Having won the U.S. presidential election against the combined forces of the Democratic Party and the media, and with less than enthusiastic endorsement from his own Republican Party, it was to be expected that Donald Trump as president would face unprecedented opposition from the media, the Democrats and from powerful sections of the American political establishment, particularly on the left.
In his favour was the fact that he had won a decisive political mandate, and the enduring support of “Middle America”, particularly in those states which were evangelical Christian, and those that had been hardest hit by green ideology and the decline in the American manufacturing industry.
Trump’s promise to “Make America great again” resonated across the country, and delivered to him a mandate to change direction.
Many of the things that Trump has done have been in fulfilment of his election commitments, and have reinforced the attachment of those who voted for him.
As a political outsider, Trump clearly understands that his success depends on fulfilling the promises he made to millions of Americans. And he has followed through.
Key positions in his administration, including Secretary of State, Treasury Secretary and Defense Secretary have been filled by people with wide experience in government, business and the defence forces.
Trump has proposed the repeal of Obama’s Clean Power Plan, which was intended to force the closure of coal-fired power stations, and appointed former Texas governor Rick Perry as Secretary for Energy.
He has actively encouraged the expansion of the U.S. oil and gas industry, by lifting restrictions on exploration on federal lands, and signing executive orders authorising the construction of the Keystone XL oil pipeline from Canada, and the Dakota Access pipeline.
Billions of dollars that previously flowed to the Middle East will now stay in America.
Trump has introduced legislation for the repeal of Obamacare, the expensive national health scheme which also required employers to fund abortions.

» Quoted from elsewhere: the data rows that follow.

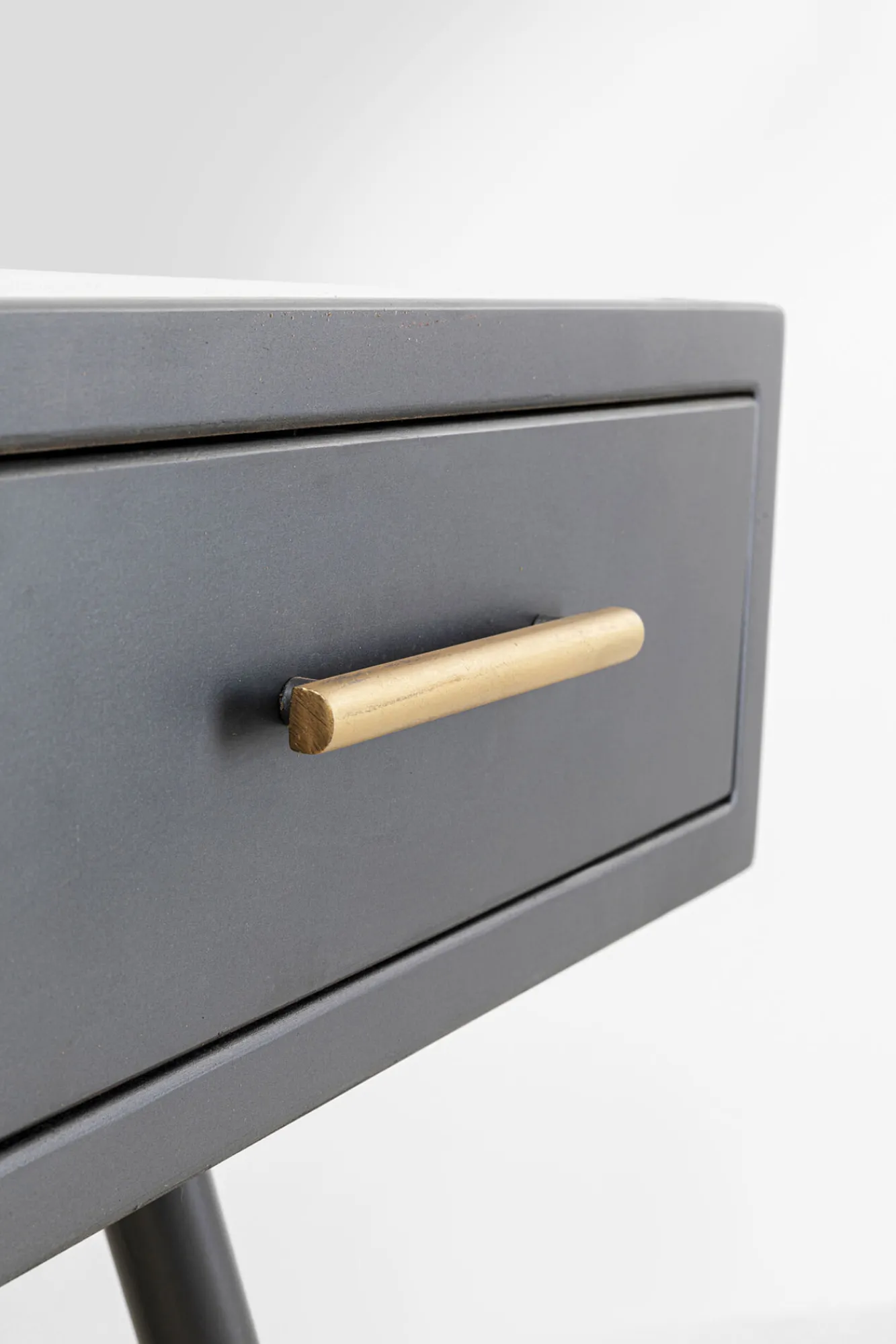 New KARE Design Biurko La Gomera 140x60 cm grafitowe - blat szklany - KARE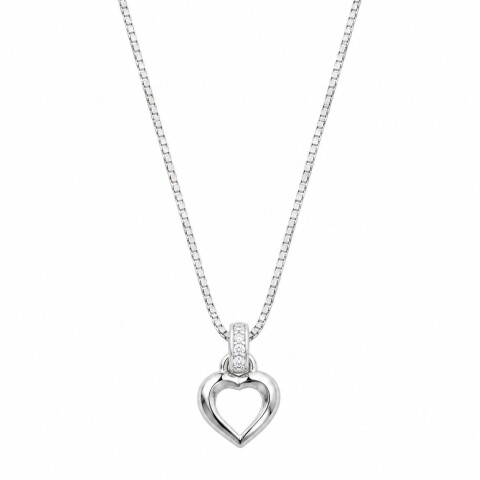 Cadena con colgante corazón pequeño calado al centro Cadena con colgante corazón pequeño calado al centro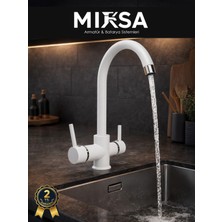 Mixsa Beyaz Baston Borulu 3 Girişli Arıtmalı Mutfak Eviye Bataryası Musluğu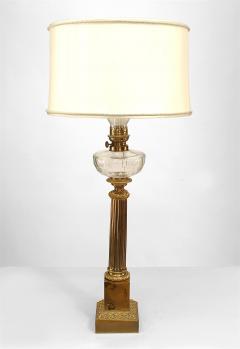 Pair of English Victorian Brass and Crystal Table Lamps - 1381352
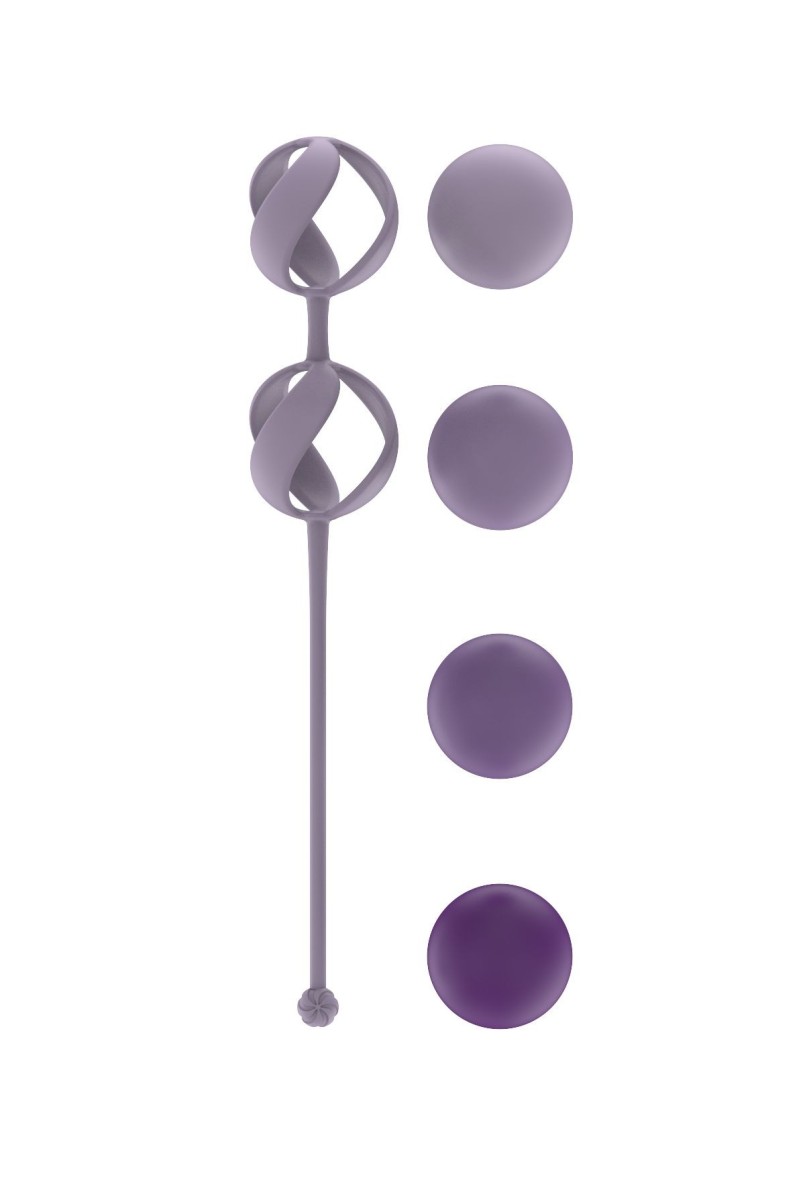 Venušiny kuličky Lola Games Love Story Valkyrie Purple, sada vyměnitelných silikonových vaginálních kuliček 17,7 x 2,9 cm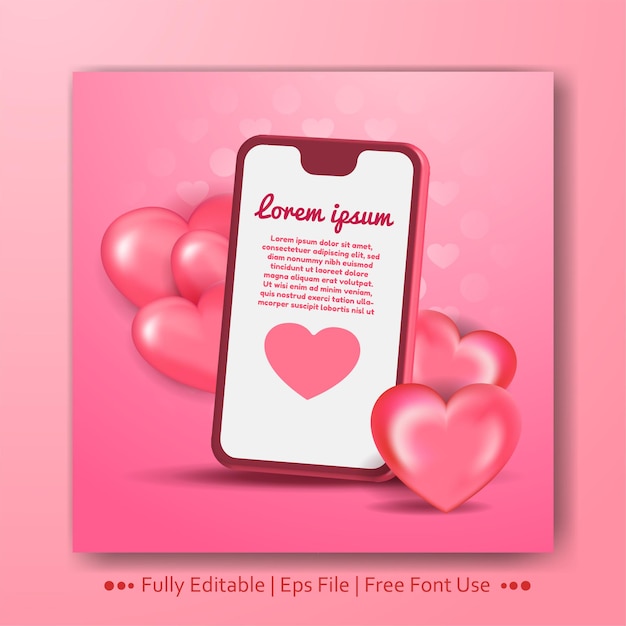 Fondo de feliz día de San Valentín con forma de corazón o amor realista móvil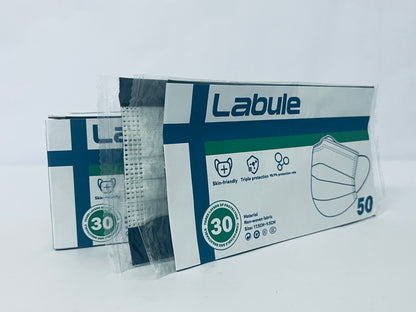 Labule Individually Wrapped - 4-Layer Filter Disposable Black Mask Single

He has reinstated the Mexico City policy, a policy originally introduced by Republican president Ronald Reagan in 1984. Since then, every Democratic president has rescinded it and every Republican has reinstated it. The policy blocks U.S. federal funding for non-governmental organisations that provide abortion counselling or referrals. Its immediate target was the world’s largest abortion provider, Planned Parenthood.
Trump has also foreshadowed the rebuilding of America’s domestic manufacturing base, by withdrawal from the Trans-Pacific Partnership (TPP), proposed renegotiation of the North American Free Trade Agreement (NAFTA), and proposed imposition of targeted import tariffs on Chinese goods.
He has also had success in a couple of high-profile decisions by U.S. computer companies to build new plants inside the United States.
These achievements in the first four months of his four-year term are significant, yet they have been poisoned by several politically damaging issues, including President Trump’s unprecedented use of Twitter to castigate his opponents, the row over Russia’s interference in the 2016 election, and his sacking of FBI director James Comey.
Every one of these issues is a distraction from the central business of government.
During the presidential campaign last year, Trump’s daily use of Twitter to denounce his rivals, particularly Hillary Clinton, was diverting, almost comical. It gave him the opportunity of replying to her through memorable one-liners, and speaking directly to his own constituency.
However, as President, the continued use of Twitter has left Trump looking petulant and thin-skinned: able to dish it out, but not to take criticism.
The controversy over Russian interference in the 2016 presidential election was launched by President Barack Obama in 2016. A year ago, he blamed Russia for hacking the Democratic Party’s National Committee’s email server, after the release of a trove of emails via Wikileaks that embarrassed Hillary Clinton.
Just weeks before the American people voted, the leaders of the U.S. intelligence agencies issued an unprecedented public statement denouncing Russian interference in the election campaign against Clinton, and in favour of Donald Trump.
The issue was thoroughly canvassed during the election campaign, in a way that helped rather than hindered Hillary Clinton. But Clinton was beyond saving.
Nevertheless, in the dying days of his Presidency, Barack Obama ordered a report on foreign interventions in the 2016 presidential elections, and late in December, expelled 35 Russian diplomats from the U.S. as a reprisal.
I have no doubt that Russia did try to influence the result of the election, but its efforts were effectively countered by Obama and Clinton, who even claimed that Trump was the Kremlin’s candidate during the presidential debates.
Trump’s sacking of FBI director James Comey was utterly unnecessary, and has created the impression that Trump had something to hide. It would be tragic if Trump’s substantial achievements were undermined by his ego, or his eccentricity, providing fodder for his implacable enemies on the left.